Laureato al Politecnico di Torino, Quirico ha svolto tutta la sua carriera nelle stanze comunali: dal 1973 Ingegnere all’Ufficio Tecnico del Comune di Torino, poi dirigente e dal gennaio 1995 sino al dicembre 2012 Ingegnere Capo. Senza disdegnare lavori per conto di privati, soprattutto se eccellenti. Da Chiamparino ha ottenuto il nullaosta per effettuare il collaudo del grattacielo per conto di Intesa: fuori dagli orari d’ufficio l’ingegnere doveva controllare i lavori fatti dai costruttori, Rizzani de Eccher e Implenia, un compito che è poi proseguito anche dopo la sua uscita dal municipio. Stessa funzione l’ha svolta allo Juventus Stadium, opera finita nel mirino della procura di Torino per l’utilizzo di un acciaio improprio. Quirico fu indagato, ma la pm Gabriella Viglione non individuò prove di reati e il fascicolo venne archiviato, anche se lo stesso magistrato ha sottolineato all’ingegnere l’opportunità di astenersi da incarichi di privati specialmente se svolti nel Comune in cui lavora come direttore di un ufficio tecnico pubblico. Al momento la Procura di Torino sta approfondendo uno stralcio, un’inchiesta senza ipotesi di reato e senza indagati per accertare la regolarità di questi incarichi.

 

Una lunga corvée quella di Quirico. Pochi ricordano però che l’allora giovane ingegnere in Comune, sotto l’ingegnere capo, Aldo Brizio, fu al centro dell’inchiesta per il crollo del Palazzo degli Stemmi, edificio storico di via Po che il 2 giugno 1984 rovinò a terra, a parte la facciata, per un difetto nella ristrutturazione. Quirico e Brizio dovevano vigilare sui lavori e secondo l’accusa non lo fecero abbastanza, anche per una disordinata divisione dei ruoli. Rinviati a giudizio nel luglio del 1987, furono assolti per insufficienza di prove il 28 gennaio 1989. Ma la vicenda gettò un ombra sui controlli che il Comune avrebbe dovuto eseguire sul patrimonio storico della città.
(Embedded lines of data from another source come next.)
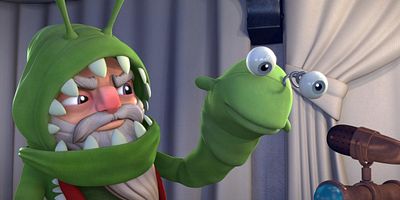 Cartel de Split Decision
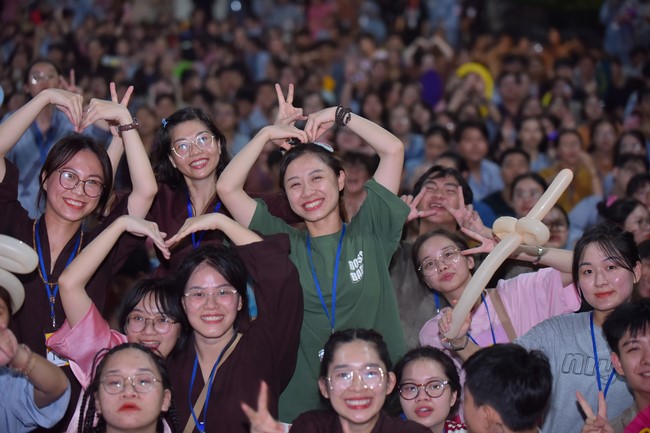 Seventh day of Summer Retreat 2023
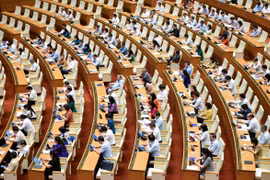 Hôm nay 28/5, Quốc hội thảo luận về Luật Thủ đô (sửa đổi)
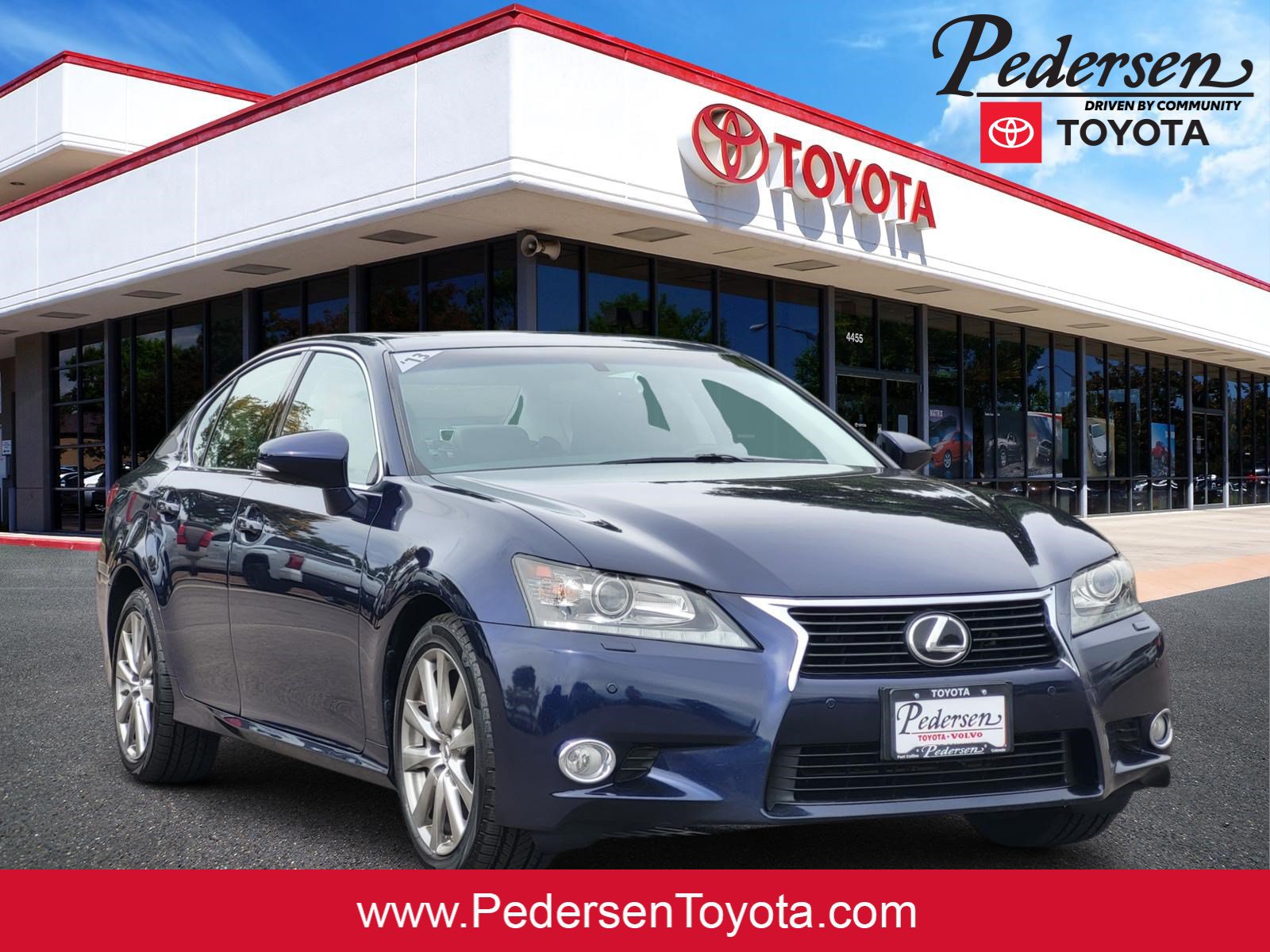 2013 Lexus GS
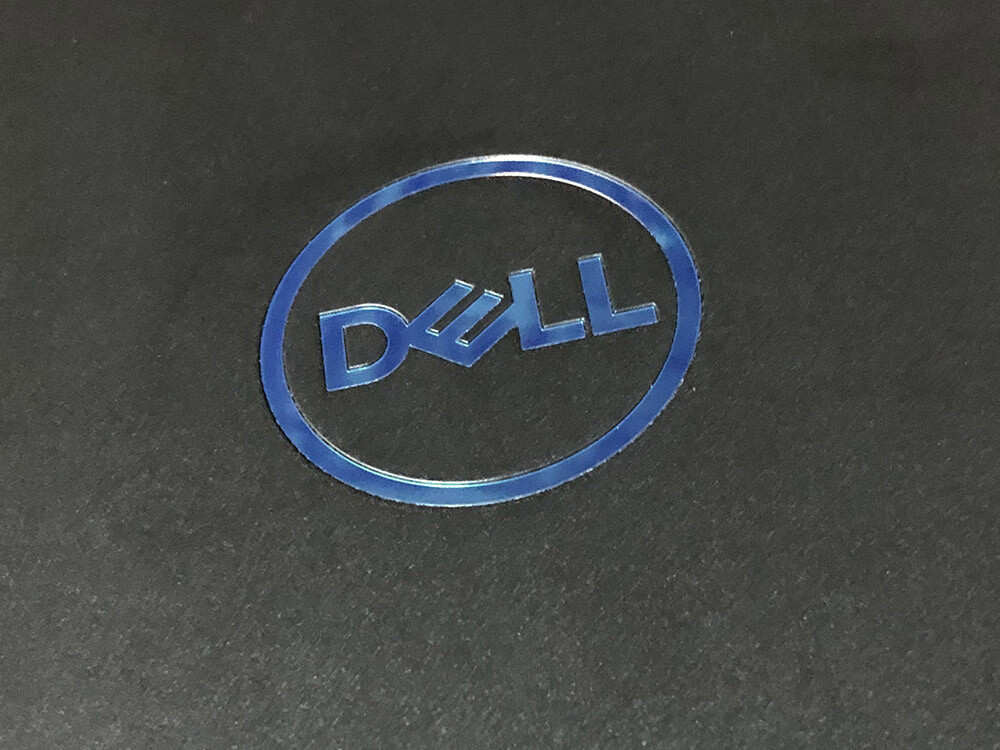 Dell G3 15 3590 Hinges Set + Bezel + LCD Back Cover 0747KP Black US G3 15 3500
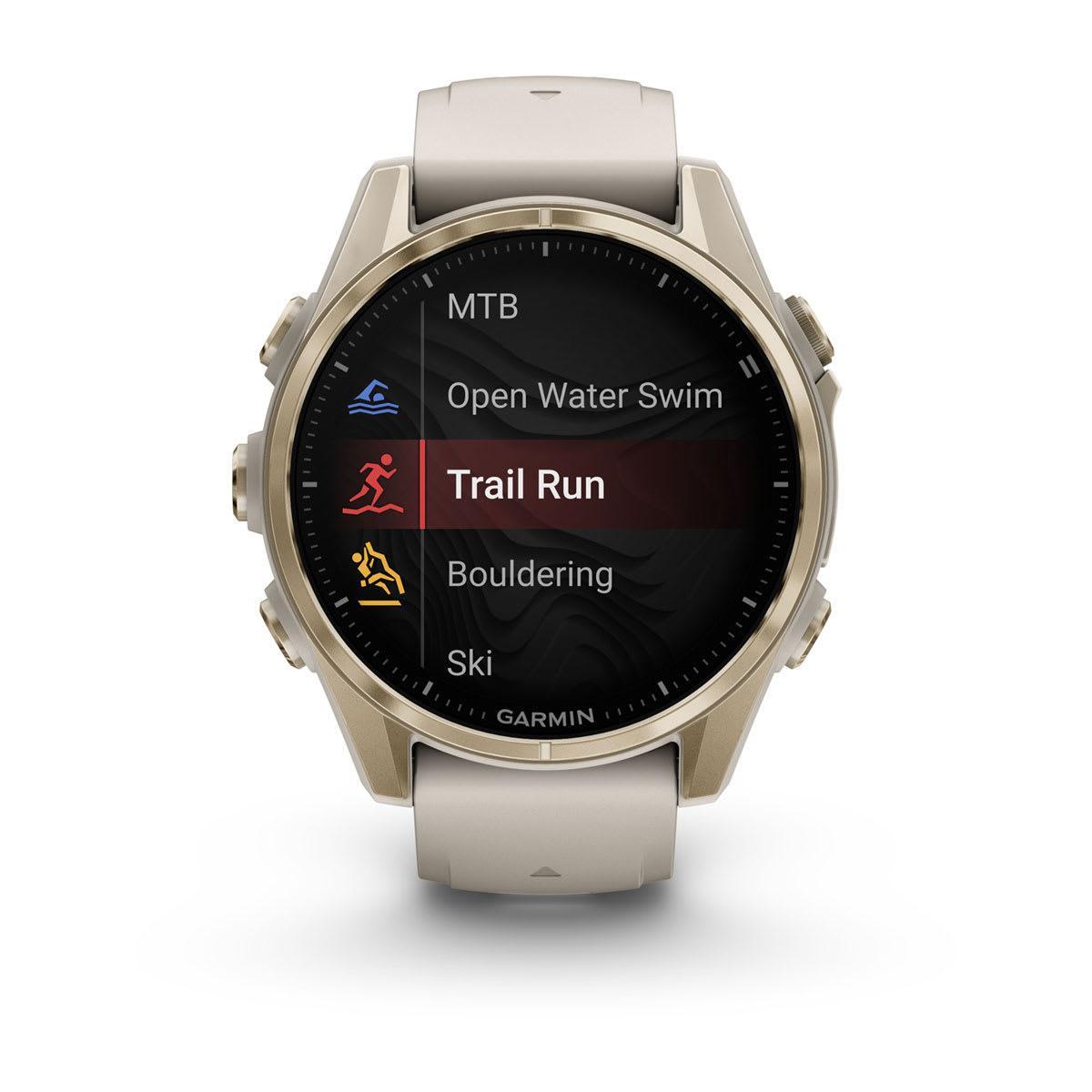 Garmin Fenix 8 Dive Computer-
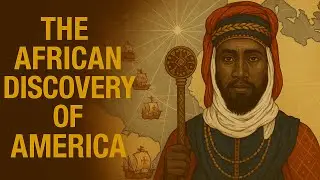 The African Discovery of America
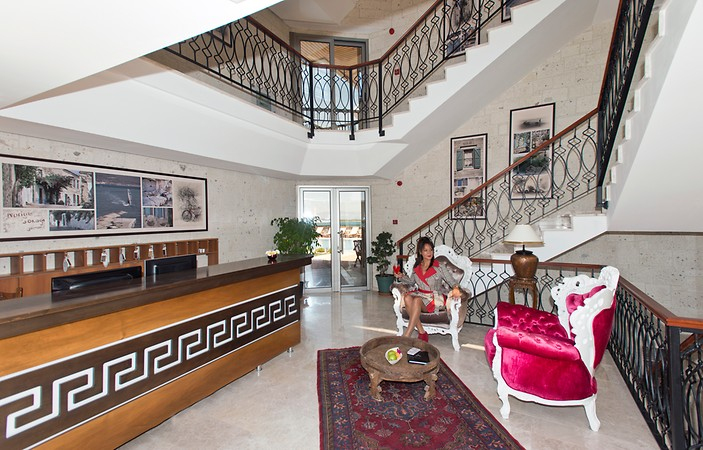 Villa Renk Otel Alaçatı - 2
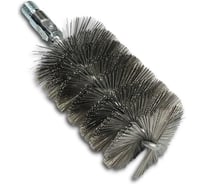 Щетка ерш Lessmann Д63х100х160мм, W1/2, нерж. 506463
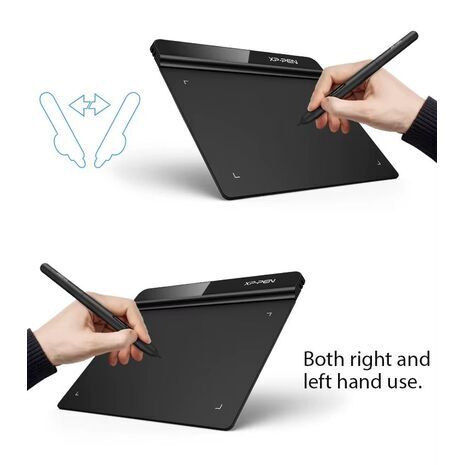 לוח גרפי אלקטרוני עם תצוגת LCD לציור, כתיבה ומשחקים ללא נייר XP-Pen Star G640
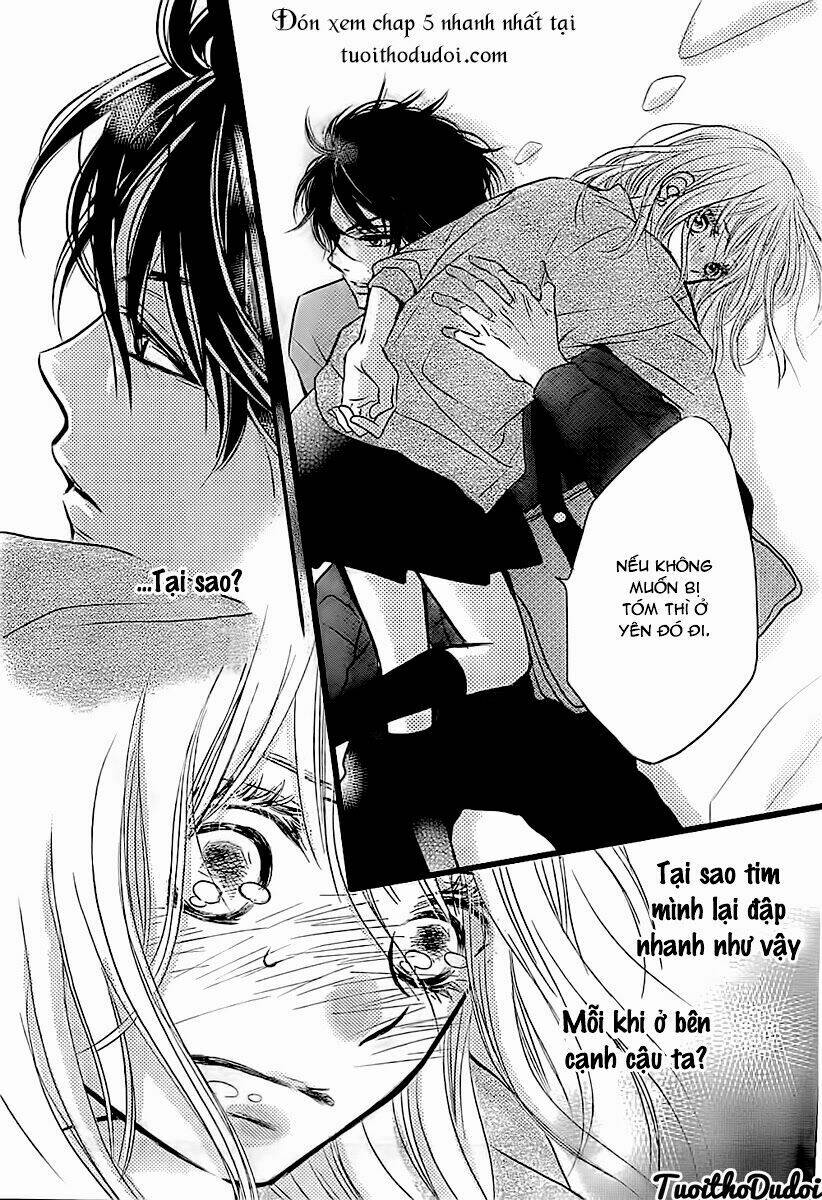 Hắc Quỷ Và Bạch Hoàng Tử: Chapter 4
Dal processo emerse evidente che la ristrutturazione del Palazzo degli Stemmi fu fatta al contrario di quanto era previsto dalla tecnica e dal buon senso. Incredibilmente si incominciò dal tetto e dagli ultimi piani, che vennero caricati di tonnellate e tonnellate di cemento, mentre le fondazioni e i primi piani dell'edificio collassavano per il peso che dovevano sopportare. Insomma, la vicenda del Palazzo di via Po, che avrebbe dovuto insegnare a scegliere meglio gli uomini dei vertici tecnici comunali, non impedì folgoranti carriere. Come quella dell'ingegner Quirico che divenne ingegnere capo del Comune ed ora si appresta a presiedere una società con molti problemi rispetto alla sua permanenza sul mercato del trasporto. Il riciclaggio di manager spesso provenienti da enti locali o società finite in piena crisi (vedi l'esercito di ex Fiat ai tempi neri del Lingotto) non ha mai portato fortuna alla città. Basti pensare a Sagat e al suo non facile destino.